Lipscomb University will launch a new doctoral degree in ministry in fall 2011, Provost Craig Bledsoe recently announced. The Doctor of Ministry degree (D. Min.) in missional and spiritual formation is offered through a partnership with Lipscomb’s Institute for Christian Spirituality and the Hazelip School of Theology.
The D. Min. program will focus on the practice of ministry, equipping students with knowledge to enhance personal ministries. The first cohort of students begin the program in summer 2011.
“Lipscomb’s D. Min. program prepares students to live missionally in the world. The degree focuses on spiritual formation as the primary tool for leading. Students are provided the training to equip those under their spiritual care to fully participate in God’s mission for creation,” said Earl Lavender, executive director of the Institute for Christian Spirituality.

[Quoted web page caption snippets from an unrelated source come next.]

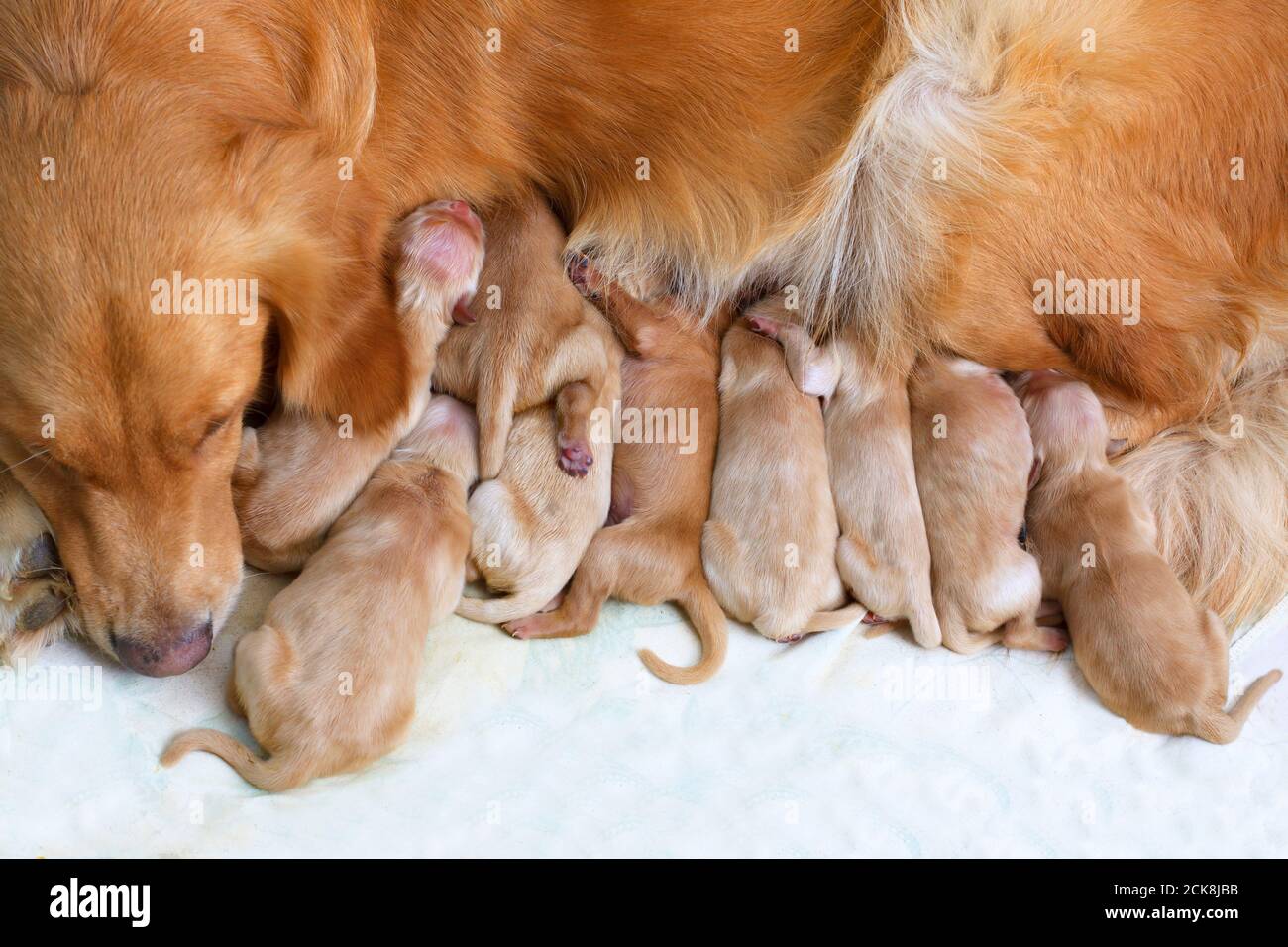 new born of golden retriever puppies Stock Photo - Alamy
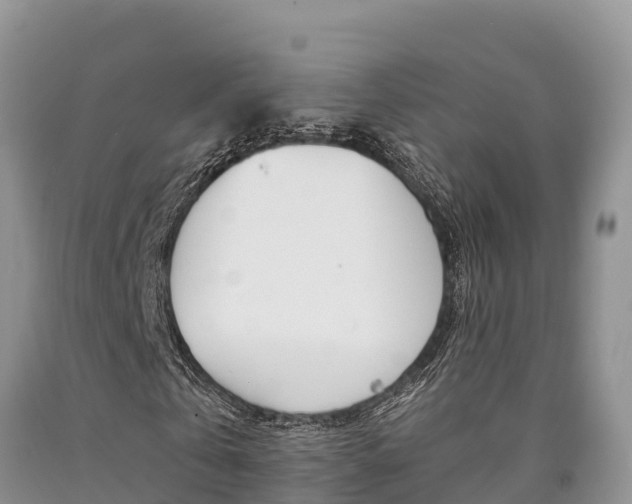 X0000090780769200707201134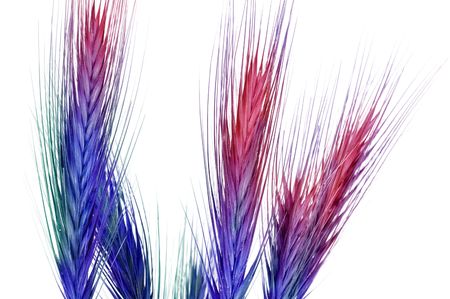 wheat earの写真素材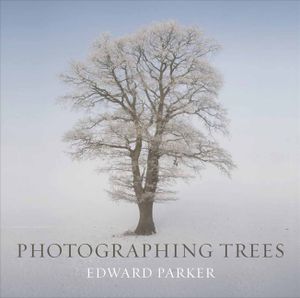 Photographing Trees image number 0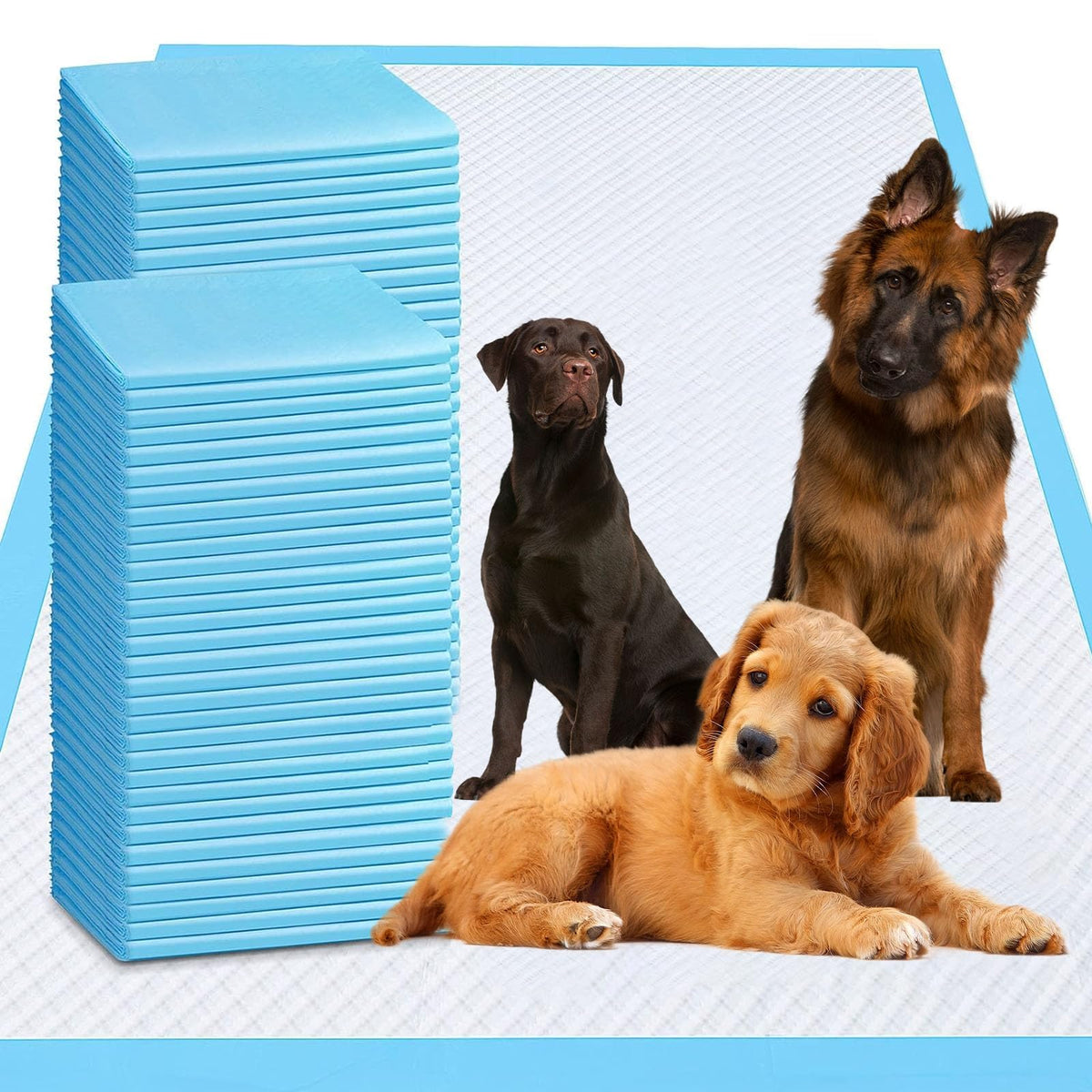 PJYRTOQ tapete de entrenamiento grande para perros protege suelos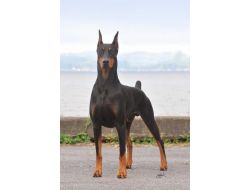 Sahibinin Kanser Olduğunu Teşhis Eden Köpek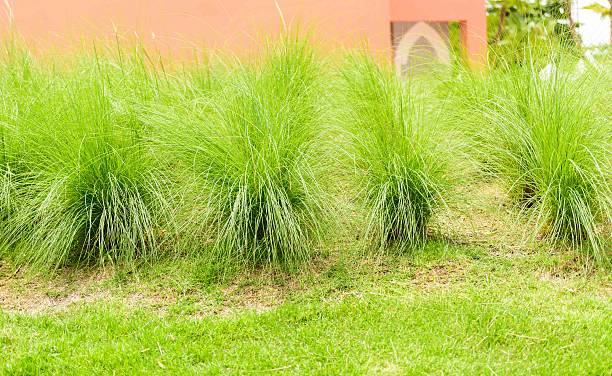 istock Feather Grass in the garden 490507962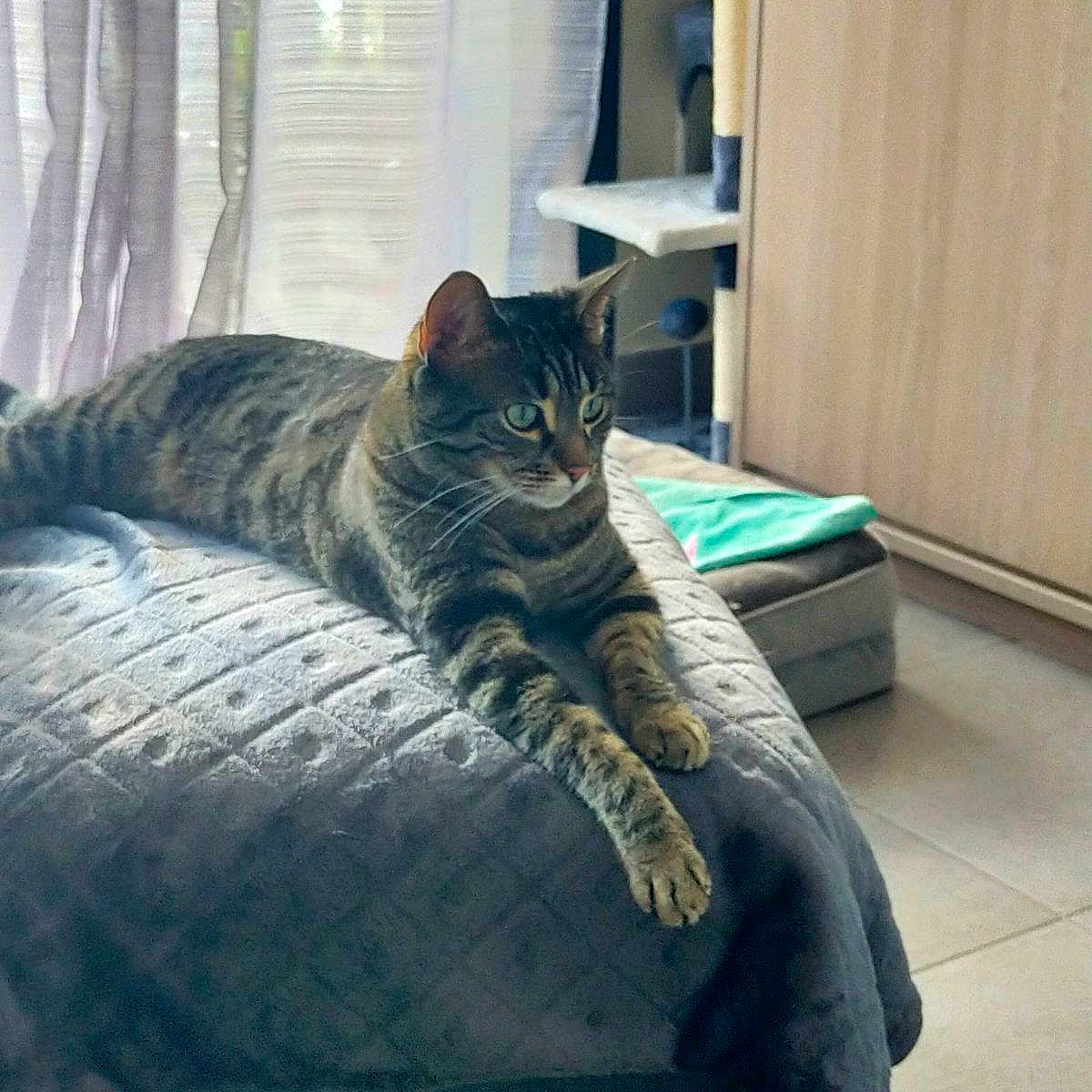Cuelha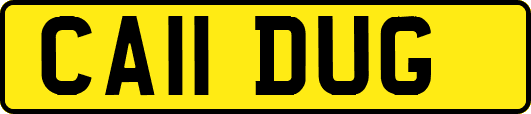 CA11DUG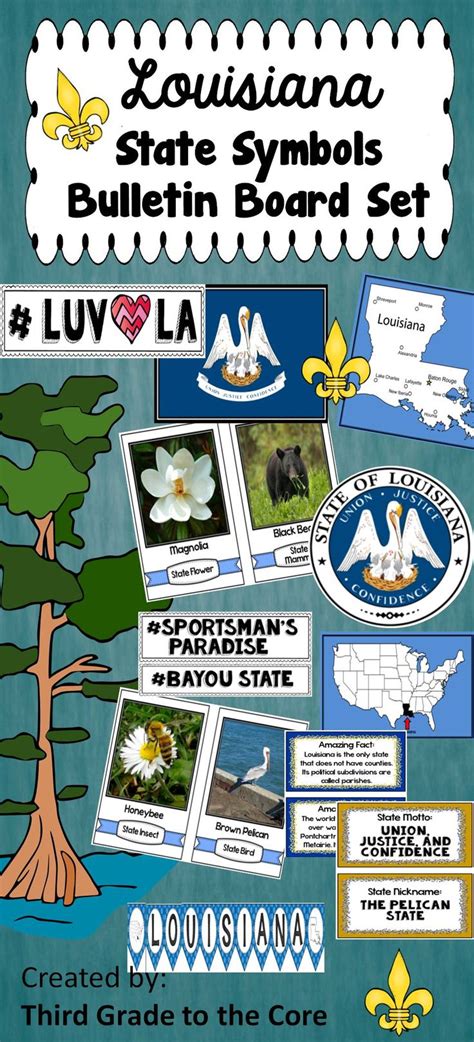 Louisiana State Symbols Bulletin Board Set | State symbols, Louisiana ...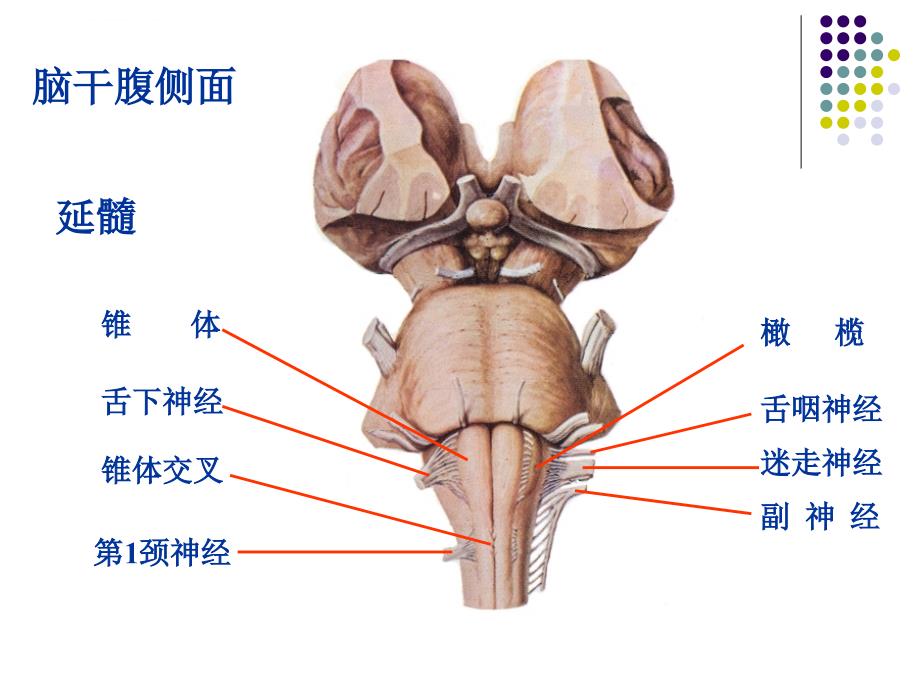 眩晕的诊治-ppt.ppt_第3页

“We want to train leaders to deepen their participation in the missional heart of God through the spiritual disciplines. Recent studies have shown that the lack of spiritual depth of congregants is a factor in many of the difficulties faced in today’s church. A new type of leader is needed, one that is capable of training believers to grow deeper into the purposes of God.”
John York, director of the D. Min. program, said that the ultimate goal of the program is to “increase not only the minister’s capacities within a congregation, but also to develop a congregation’s role as the primary location for doing theology.”
The Lipscomb D. Min. is a 36-hour program that combines four two-week residencies as well as online and research courses. It is designed to be completed over the course of three years. The D. Min. builds on three years of master’s level work, such as the Master’s of Divinity or its equivalent, and a minimum of three years’ ministry experience.
York said the program focuses on:
• Experiences and practices that the Holy Spirit uses to transform;
• Becoming spiritual companions with others who encourage continual growth;
• Participation in communal learning, within cohorts and congregations, and the generative theology of shared faith and practice;
• Drawing out the gifts that have been given by God to serve the world and training individuals and communities to use them appropriately;
• Biblical and theological reflection on the church’s location in the world as image of Christ and outpost of the kingdom of God;
• Training in the spiritual practices and ministry performances that, in turn, become competencies to train others; and
• Critical awareness of one’s social and cultural context, along with best practices of leadership necessary for enactment of the Gospel.